If asked to identity a modern Greek poet, most readers around the world would probably name Constantine P. Cavafy. In their minds, he represents Greece and Greek literature. While this choice may be self-evident, it is nevertheless remarkable that a diasporic, modernist, homosexual poet should become Greece’s poetic ambassador in place of national bards like Dionysios Solomos, Andreas Kalvos, Kostis Palamas, or Giorgos Seferis. Why is this so? Why is Cavafy so popular in world literature? Why are there so many translations of his work, at least in English? Why is his appeal so global?1

There is no way I could consider all these questions satisfactorily. The position of a writer in world literature is a complex outcome of international and national literary tastes, the prestige of various national languages, the availability of translations, and implicit standards about writing and reading poetry. And while authors themselves may be aware of these standards and try to write according to them or against them, they have no way of controlling the fate of their work, especially after their deaths.

We can see this with great clarity in Cavafy’s case. He seemed very conscious of himself as an unrecognized genius, a person capable of writing about topics that others could not, someone who could foresee the future. But public recognition of his originality was gradual. Indeed, at the outset there was much hostility or misunderstanding of his work, especially outside of Alexandria.

Although Cavafy’s friend E. M. Forster was very optimistic about Cavafy’s eventual place in world literature, saying that one day he would achieve a reputation in Europe; no one living in Alexandria at the time could have predicted his global fame today. To be sure, many critics were also claiming that he was a flash in the pan. Astute Greek critics, like Yiorgos Katsimbalis, the “colossus” in Henry’s Miller’s The Colossus of Marousi, could never imagine that Cavafy would overtake the then-reigning national poet, Palamas, to become an international literary icon (see Katsimbalis). [End Page 111]

Cavafy wrote against the literary tastes of his time and seemed to be composing verses for the future.2 The Greek poet Myrtiotissa said so when she visited him in the early 1920s, describing his eyes as coming “from a far distant time and revealing a mystery unknown to us” (84). She depicted Cavafy as an exotic being who lived in another epoch but who understood our time and placed his stamp upon it.
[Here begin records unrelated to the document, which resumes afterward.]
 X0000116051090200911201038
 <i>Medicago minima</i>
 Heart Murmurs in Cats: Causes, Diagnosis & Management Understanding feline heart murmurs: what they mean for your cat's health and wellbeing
But many contemporaneous critics and writers, especially in Greece, could neither understand nor accept this imprint. The form and content of his verses seemed completely unpoetic, strange, and out of place to them. First of all, he lived in Alexandria rather than Athens, which was then becoming the center of Hellenic culture. Moreover, instead of composing in demotic, he chose a mixture between the vernacular and the archaistic language known as Katharevousa. While contemporary audiences favored flowery, lyric poetry, he published spare, prosaic poems that seemed to walk rather than dance to readers. Instead of flattering national tastes by writing about modern Greek history or even about fifth-century Athens, he turned to the arguably more peripheral periods of the Hellenistic Empires, of Late Antiquity, and of Byzantium. Finally, he wrote frankly about homoerotic desire and that shocked contemporary readers.

In the face of this critical censure and marginalization, Cavafy persevered. Despite acute feelings of insecurity (combined with self-assurance about the pioneering nature of his work), he believed that people would eventually recognize his genius and that tastes and reading styles would change in his favor. He was right. We are now living in Cavafy’s time, a period described and foreseen by him. He was indeed writing for the future. And the reasons people love Cavafy now are exactly those that his contemporary Greek readers cited in their rejection of the poet.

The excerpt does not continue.